— Dataset section —
────────

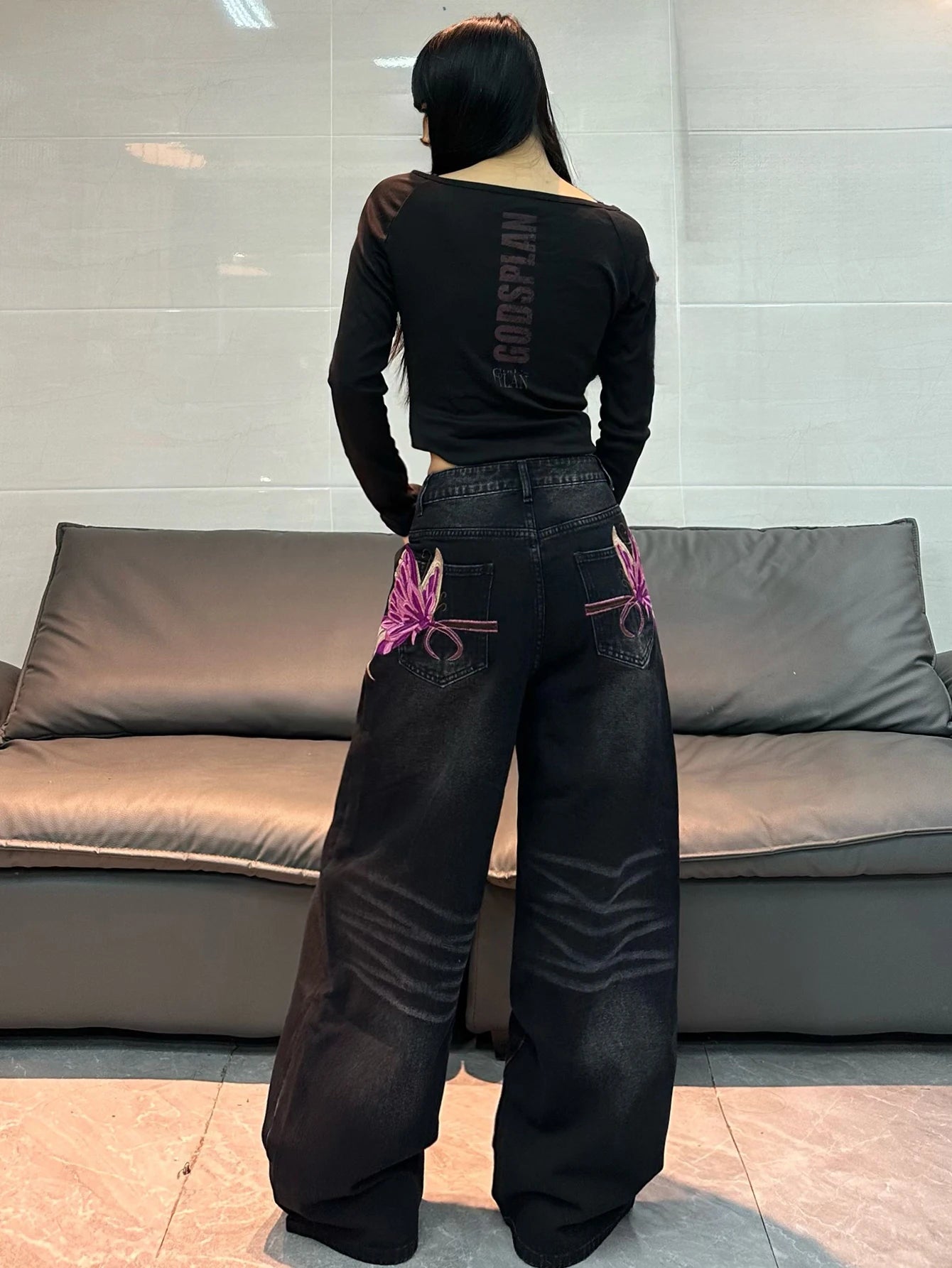 American Vintage Butterfly Embroidery Design Black Women's Loose Wide-Leg Jeans Y2K Street Fashion Versatile Straight-Leg Pants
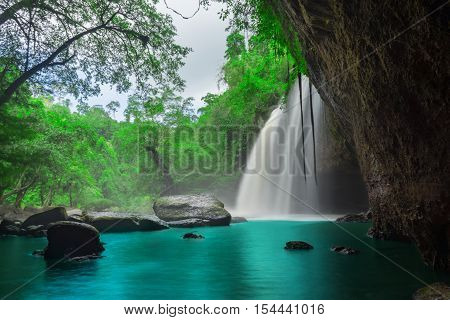 Amazing Beautiful Waterfalls In Tropical Forest At Haew Suwat Waterfall In Khao Yai National Park, T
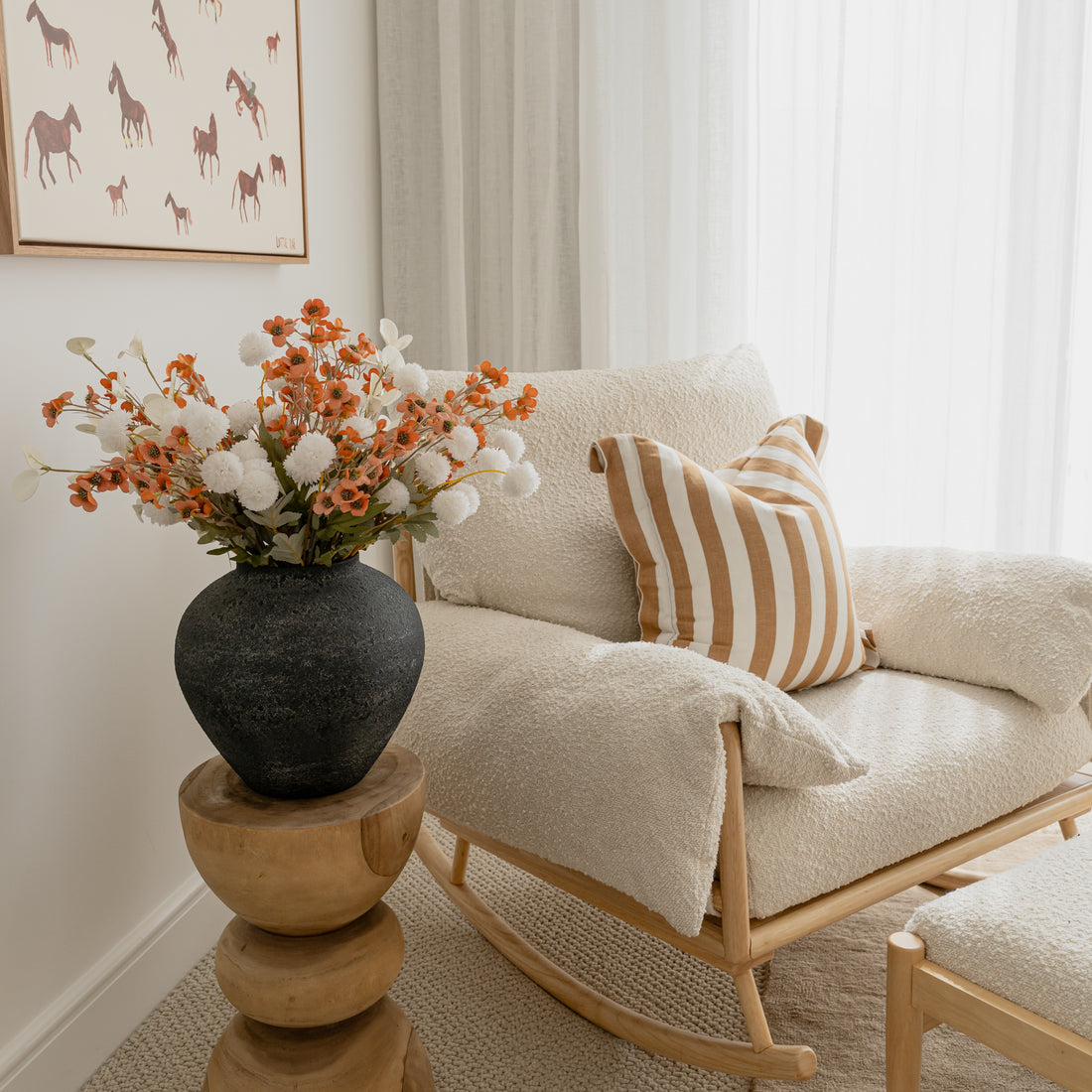 Faux Kiku Flower Arrangement - White and Umber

────────

All of the lines above must be printed again exactly, and no picture may appear in the copy.

— Task response —
 American Vintage Butterfly Embroidery Design Black Women's Loose Wide-Leg Jeans Y2K Street Fashion Versatile Straight-Leg Pants
 Amazing Beautiful Waterfalls In Tropical Forest At Haew Suwat Waterfall In Khao Yai National Park, T
 Faux Kiku Flower Arrangement - White and Umber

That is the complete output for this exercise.